■ Data
####################

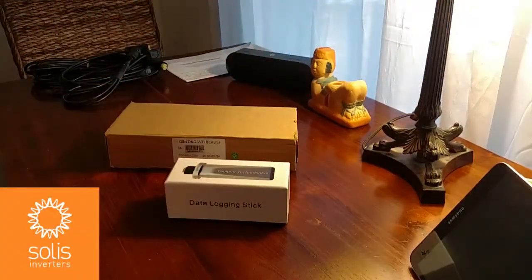Hello and welcome back to the Gin Long Technologies Solus Inverter YouTube channel. This video will cover the installation of your Solus Wi-Fi stick and Wi-Fi box. The Solus Wi-Fi products are simple to install and will allow both installers and system operators quick access to their PV system information by logging into the Solus cloud-based monitoring platform from any internet-connected computer or mobile device. These installation instructions apply to any second or fourth generation Solus North American single-phase inverter, 2.5k through 10k. Installation should be done by qualified installers.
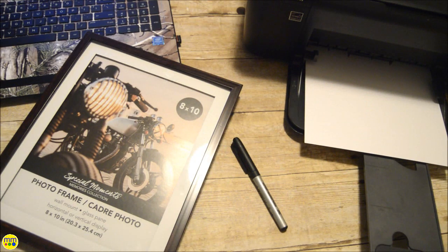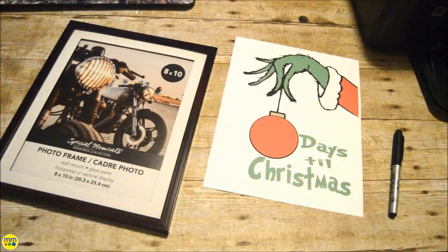To make your own, you need the printable, a frame, and a dry erase marker. I will attach a link to the printable in the description box below. Start by printing out your design and place it in the frame.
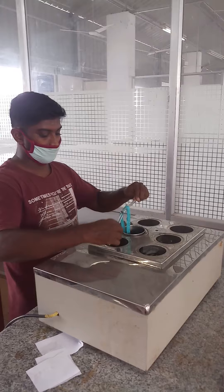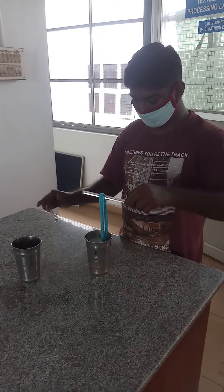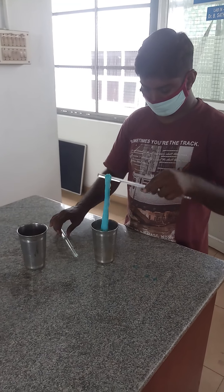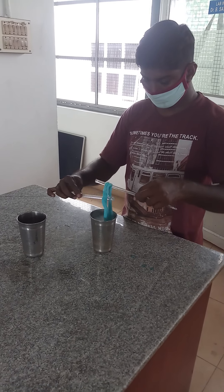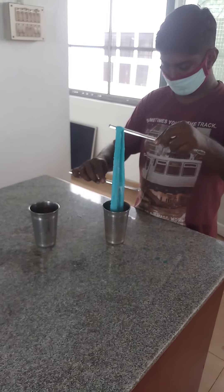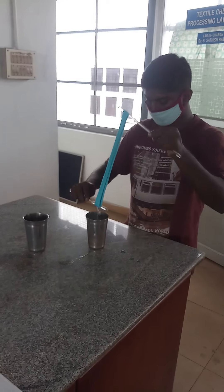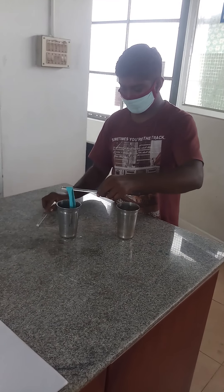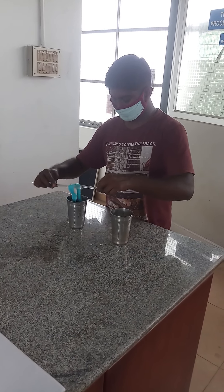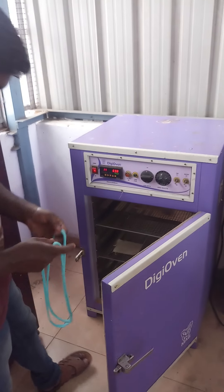After dyeing, the viscose rayon sample should be subjected to washing with cold water, then with soap water, and again with cold water. Finally, the dyed sample has to be kept in a hot air dryer for drying.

####################

■ Task brief
Return each of the lines exactly as they appear above, with no images.

■ Problem solution
Hello and welcome back to the Gin Long Technologies Solus Inverter YouTube channel. This video will cover the installation of your Solus Wi-Fi stick and Wi-Fi box. The Solus Wi-Fi products are simple to install and will allow both installers and system operators quick access to their PV system information by logging into the Solus cloud-based monitoring platform from any internet-connected computer or mobile device. These installation instructions apply to any second or fourth generation Solus North American single-phase inverter, 2.5k through 10k. Installation should be done by qualified installers.
To make your own, you need the printable, a frame, and a dry erase marker. I will attach a link to the printable in the description box below. Start by printing out your design and place it in the frame.
After dyeing, the viscose rayon sample should be subjected to washing with cold water, then with soap water, and again with cold water. Finally, the dyed sample has to be kept in a hot air dryer for drying.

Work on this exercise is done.